[llvm] r359111 - [InstCombine][X86] Use generic expansion of PACKSS/PACKUS for constant folding. NFCI.
Simon Pilgrim via llvm-commits
llvm-commits at lists.llvm.org
Wed Apr 24 09:53:17 PDT 2019
Author: rksimon
Date: Wed Apr 24 09:53:17 2019
New Revision: 359111
URL: http://llvm.org/viewvc/llvm-project?rev=359111&view=rev
Log:
[InstCombine][X86] Use generic expansion of PACKSS/PACKUS for constant folding.

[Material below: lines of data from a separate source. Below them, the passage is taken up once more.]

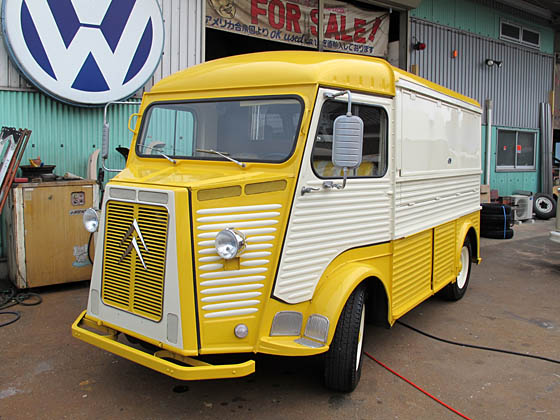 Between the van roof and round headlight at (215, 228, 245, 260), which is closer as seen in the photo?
round headlight at (215, 228, 245, 260)

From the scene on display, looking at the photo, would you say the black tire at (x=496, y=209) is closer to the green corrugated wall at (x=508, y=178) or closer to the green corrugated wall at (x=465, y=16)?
the green corrugated wall at (x=508, y=178)

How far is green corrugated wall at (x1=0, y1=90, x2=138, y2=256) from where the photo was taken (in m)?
6.64

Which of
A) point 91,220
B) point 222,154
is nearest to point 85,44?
point 91,220

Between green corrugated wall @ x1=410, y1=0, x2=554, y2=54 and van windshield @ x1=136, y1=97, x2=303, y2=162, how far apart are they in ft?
30.6

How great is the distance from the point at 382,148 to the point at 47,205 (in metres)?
4.28

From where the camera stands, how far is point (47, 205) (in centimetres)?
631

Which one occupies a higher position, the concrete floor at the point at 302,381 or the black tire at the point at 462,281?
the black tire at the point at 462,281

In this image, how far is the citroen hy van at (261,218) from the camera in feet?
10.8

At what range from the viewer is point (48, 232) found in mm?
6328

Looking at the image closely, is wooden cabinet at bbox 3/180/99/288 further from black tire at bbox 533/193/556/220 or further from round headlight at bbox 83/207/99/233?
black tire at bbox 533/193/556/220

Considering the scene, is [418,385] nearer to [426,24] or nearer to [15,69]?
[15,69]

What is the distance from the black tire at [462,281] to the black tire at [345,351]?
294cm

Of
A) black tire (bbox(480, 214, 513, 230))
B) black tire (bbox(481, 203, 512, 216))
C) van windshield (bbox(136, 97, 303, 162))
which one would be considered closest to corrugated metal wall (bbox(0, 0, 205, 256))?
van windshield (bbox(136, 97, 303, 162))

NFCI.
This patch rewrites the existing PACKSS/PACKUS constant folding code to expand as a generic expansion.
This is a first NFCI step toward expanding PACKSS/PACKUS intrinsics which are acting as non-saturating truncations (although technically the expansion could be used in all cases - but we'll probably want to be conservative).
Modified:
llvm/trunk/lib/Transforms/InstCombine/InstCombineCalls.cpp
Modified: llvm/trunk/lib/Transforms/InstCombine/InstCombineCalls.cpp
URL: http://llvm.org/viewvc/llvm-project/llvm/trunk/lib/Transforms/InstCombine/InstCombineCalls.cpp?rev=359111&r1=359110&r2=359111&view=diff
==============================================================================
--- llvm/trunk/lib/Transforms/InstCombine/InstCombineCalls.cpp (original)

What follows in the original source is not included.